> _EXERCISE INSTRUCTIONS_
Among the entries below, only the lines from the one with "Metal Access Controller" through the one with "Easy Steps: How" are wanted, reproduced exactly. Pictures are not wanted.

> _RECORDS PROVIDED_
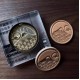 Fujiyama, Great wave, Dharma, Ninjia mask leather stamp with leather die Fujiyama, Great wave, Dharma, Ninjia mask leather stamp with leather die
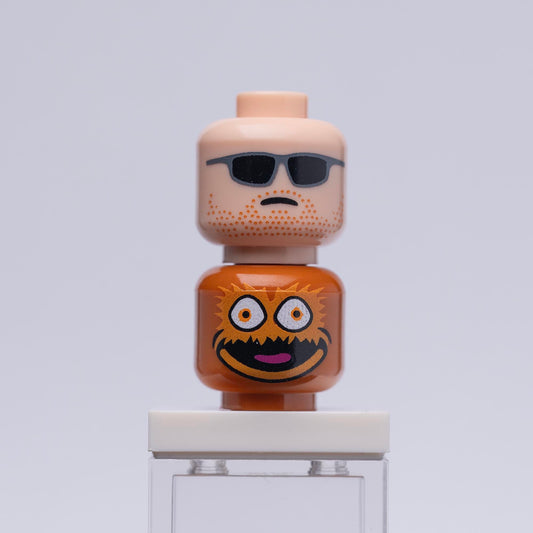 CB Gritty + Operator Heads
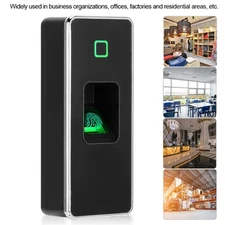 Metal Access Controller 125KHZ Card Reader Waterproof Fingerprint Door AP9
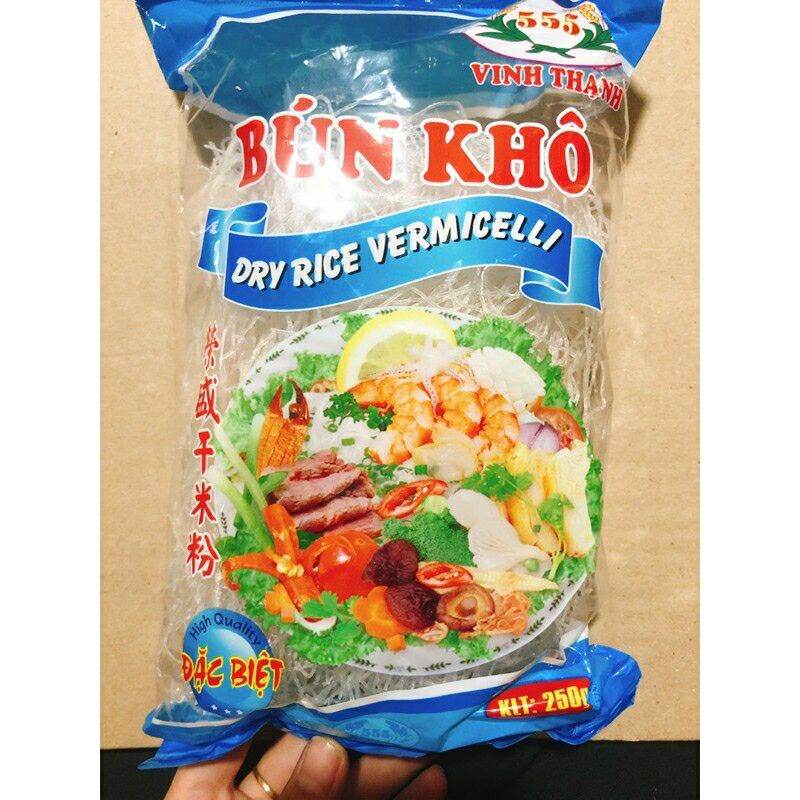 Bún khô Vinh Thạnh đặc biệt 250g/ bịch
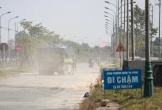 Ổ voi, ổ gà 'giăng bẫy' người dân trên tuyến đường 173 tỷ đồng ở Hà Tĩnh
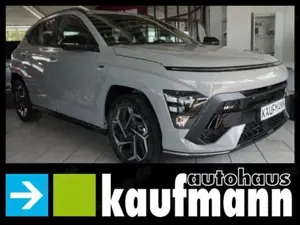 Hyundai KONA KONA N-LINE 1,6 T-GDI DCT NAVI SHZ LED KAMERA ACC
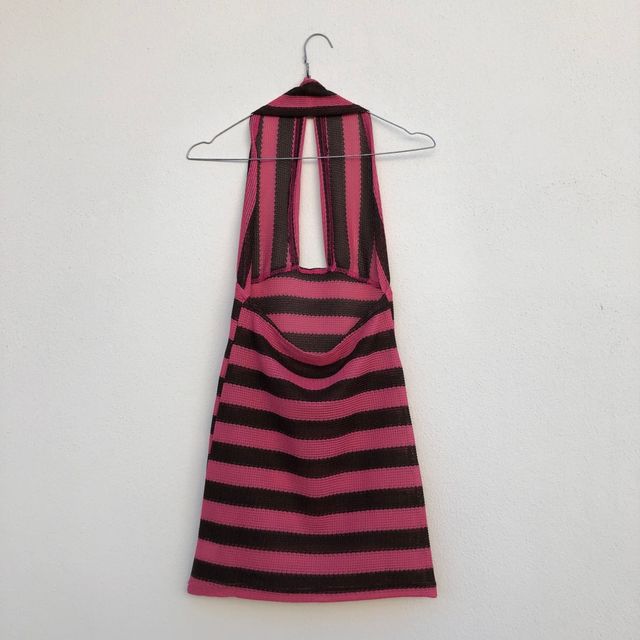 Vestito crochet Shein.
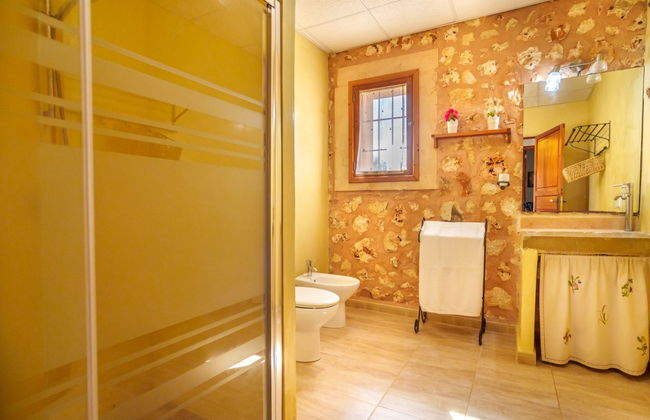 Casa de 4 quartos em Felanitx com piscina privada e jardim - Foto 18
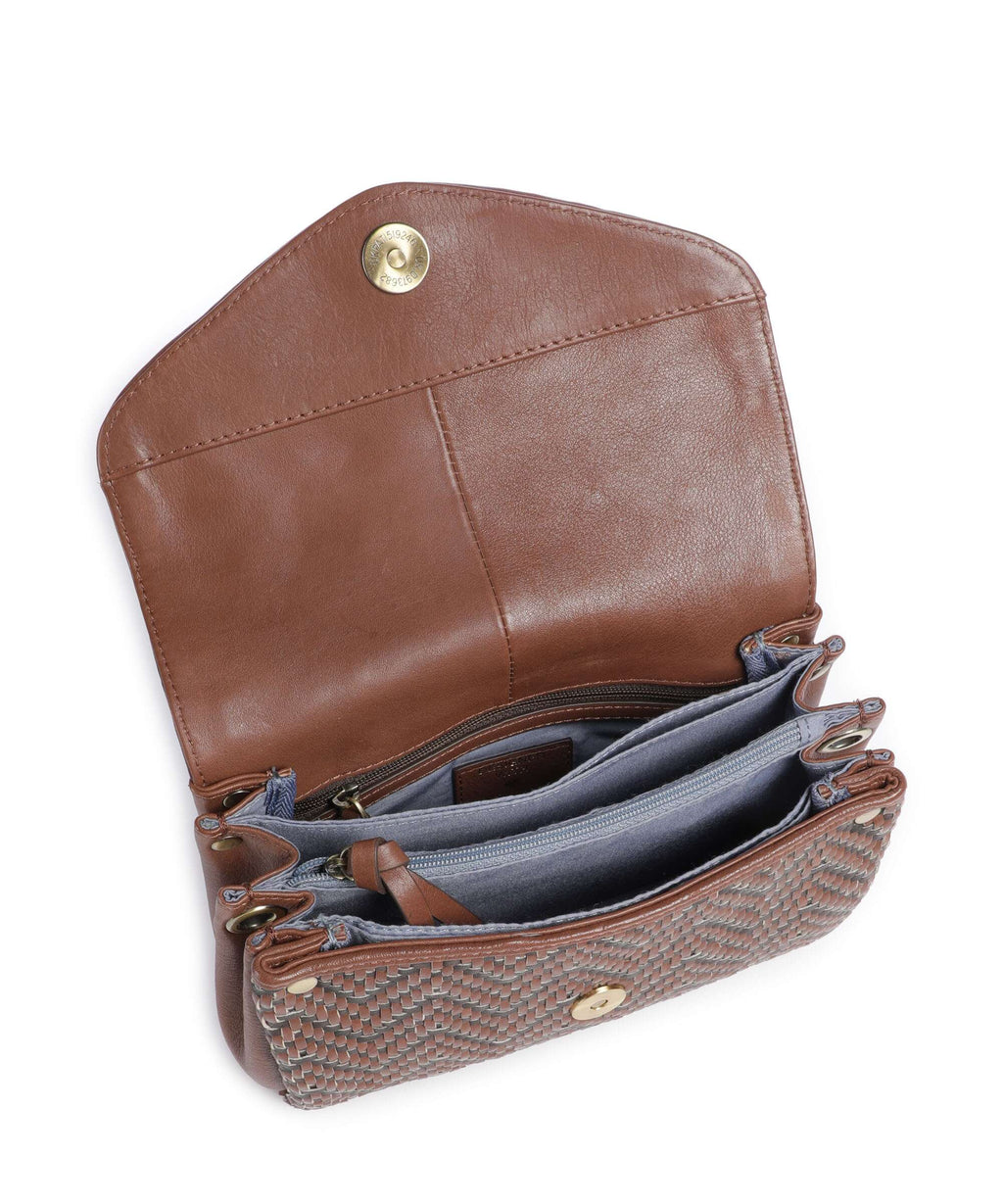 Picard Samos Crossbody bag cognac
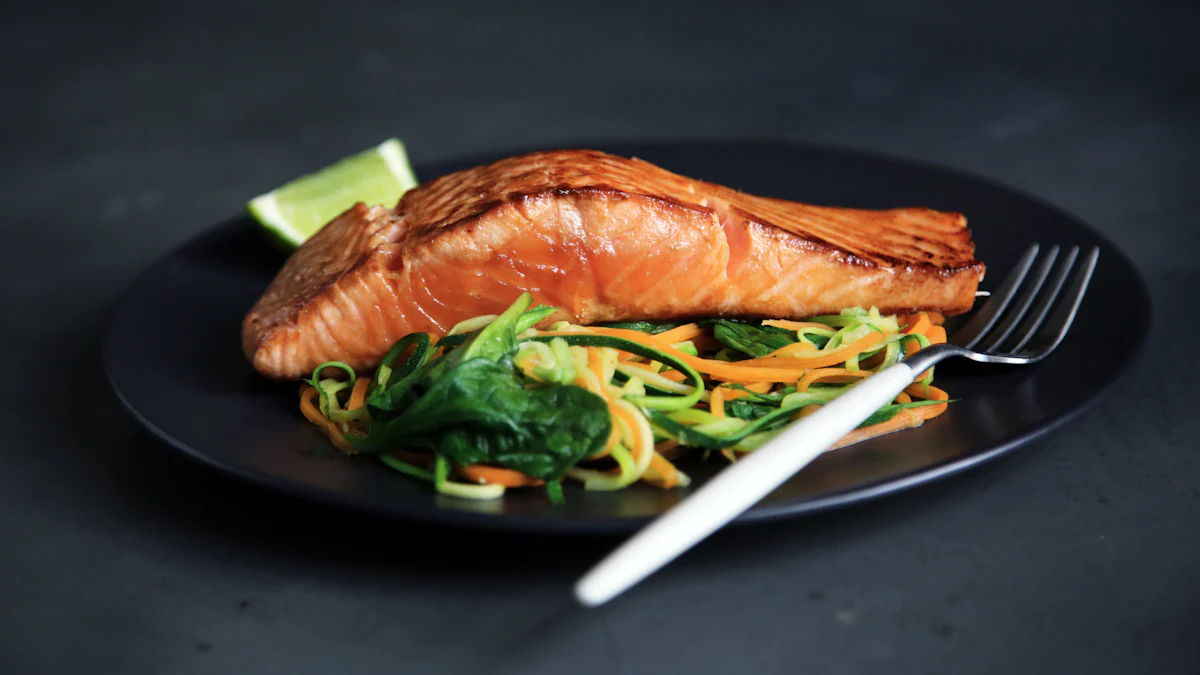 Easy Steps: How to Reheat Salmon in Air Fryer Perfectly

...

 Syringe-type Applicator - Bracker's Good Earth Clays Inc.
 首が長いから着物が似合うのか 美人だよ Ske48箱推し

> _RESULT OF THE EXERCISE_
 Metal Access Controller 125KHZ Card Reader Waterproof Fingerprint Door AP9
 Bún khô Vinh Thạnh đặc biệt 250g/ bịch
 Ổ voi, ổ gà 'giăng bẫy' người dân trên tuyến đường 173 tỷ đồng ở Hà Tĩnh
 Hyundai KONA KONA N-LINE 1,6 T-GDI DCT NAVI SHZ LED KAMERA ACC
 Vestito crochet Shein.
 Casa de 4 quartos em Felanitx com piscina privada e jardim - Foto 18
 Picard Samos Crossbody bag cognac
 Easy Steps: How to Reheat Salmon in Air Fryer Perfectly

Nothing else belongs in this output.